The tone of the conversation around assisted dying is changing in the UK, with bills on the matter making their way through Parliament and Keir Starmer having promised a free vote on the issue. While the public are in favour of being offered the option of assisted dying, there are still many who have concerns around the potential abuses of such a policy. Patricia Haitink and Emily Jackson suggest that looking at the counties where assisted dying is already available should respond to such concerns.
UK debates surrounding assisted dying are changing gear. The Nuffield Council on Bioethics has just published key findings from England’s first Citizens’ Jury on the issue, in which 71 per cent of jurors voted in favour of allowing both assisted suicide and euthanasia for terminally ill patients with capacity. On both sides of the debate, interventions from public figures – including Dame Esther Rantzen, Dame Diana Rigg and Liz Carr – have become commonplace. Jersey and the Isle of Man are in the process of changing their laws, and there are Assisted Dying Private Members Bills before both the UK and the Scottish parliaments. Since his election as Prime Minister, Sir Keir Starmer has reiterated that his government will allow parliamentary time for a free vote on the issue, and he has previously said that he is in favour of a change in the law.
Even if it might be premature to say that it is no longer “for or against” but “how and when”, the tone of discussions does seem to have pivoted from concerns about the sanctity of life towards more general acceptance that there might be circumstances in which people should be allowed to choose to end their lives, and an acknowledgement that a majority of the public wishes to be given that choice. At the same time, that acceptance is often tempered by a certain queasiness about what those circumstances might be, and what the consequences might be for society.
In reality, there is overwhelming public support for assisted dying in countries where it is lawful, bolstered by increasing numbers of people who have experienced their loved ones’ peaceful assisted deaths.
As more and more jurisdictions worldwide have taken the decision to legalise assisted dying – so that the UK is increasingly becoming an outlier – it is noteworthy that media coverage in the UK often focuses on exceptional and perhaps questionable instances of assisted dying, and on countries with particularly broad eligibility criteria. In reality, there is overwhelming public support for assisted dying in countries where it is lawful, bolstered by increasing numbers of people who have experienced their loved ones’ peaceful assisted deaths. If the UK were to legalise assisted dying, it could choose to enact restrictive or permissive legislation, and there are now a wide range of models from which it could borrow.

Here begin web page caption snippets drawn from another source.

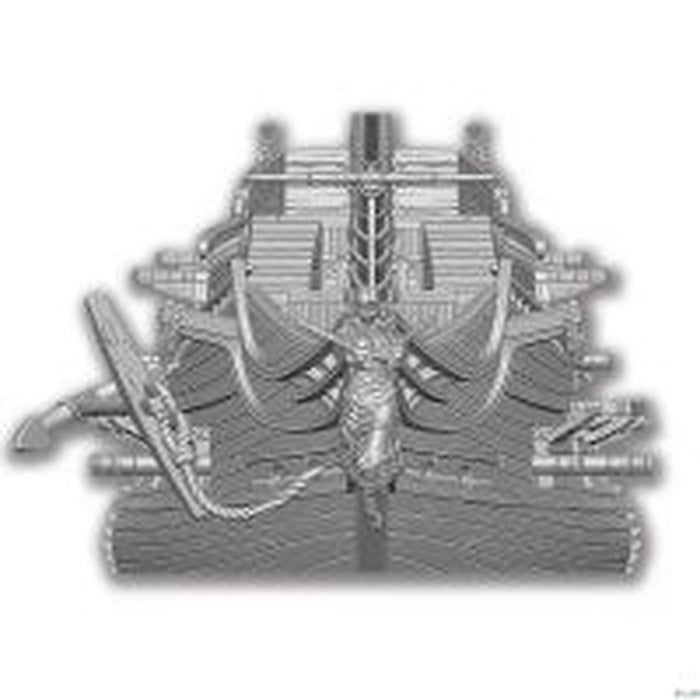 RPR77748 - Reaper Miniatures: Sophie's Revenge | Boat RPG Terrain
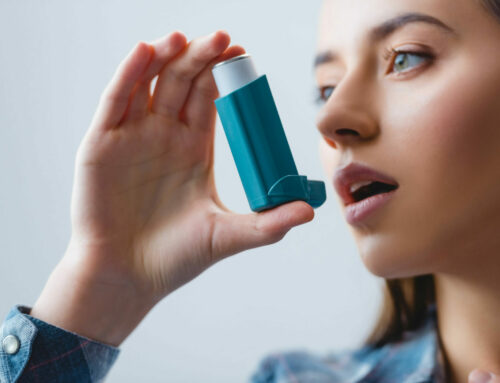 5 Benefits of Chiropractic Care for Asthma Sufferers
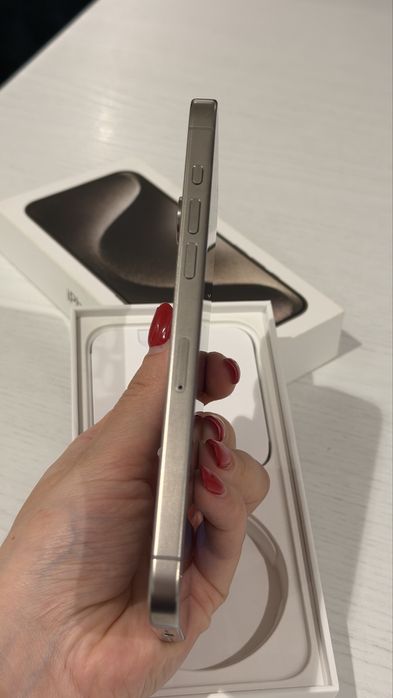 iphone 15 pro max 256GB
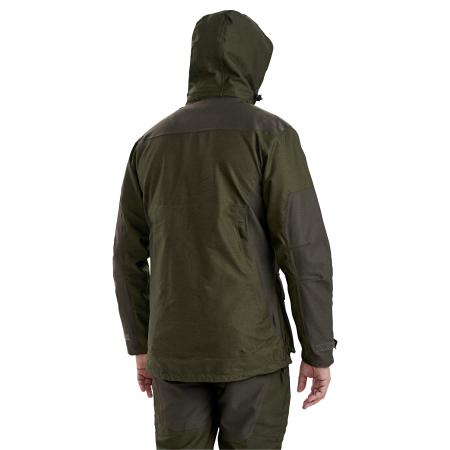Chasse Jacke Herren (Olive Night Melange)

While it is common for opponents of assisted dying to claim that it would be impossible for safeguards to adequately protect people who are disabled, elderly, poor or receiving sub-standard palliative care, this narrative is not confined to those who believe assisted dying is always morally wrong. There are also commentators who are sympathetic to the idea that people might legitimately wish to opt for an assisted death, but who worry about insidious pressures on the vulnerable, and who question the effectiveness of any regulatory system. For example, Dr Rachel Clarke recently expressed the fear that a lack of decent palliative care might drive some to opt for an earlier death; Sonia Sodha doubts whether doctors would be able to identify coercion; and Josh Glancy is worried that it would be principally the poor, unable to sustain a reasonable standard of living and fearful of being a burden, who would opt for it.
Opponents of assisted dying often cite data from Canada and the Netherlands, which have relatively wide-ranging eligibility criteria, even though there are many other jurisdictions, including 11 US states and districts, New Zealand and most of Australia, with more restrictive legislation, and a growing body of evidence not only of how these laws work in practice, but also of widespread public support for them.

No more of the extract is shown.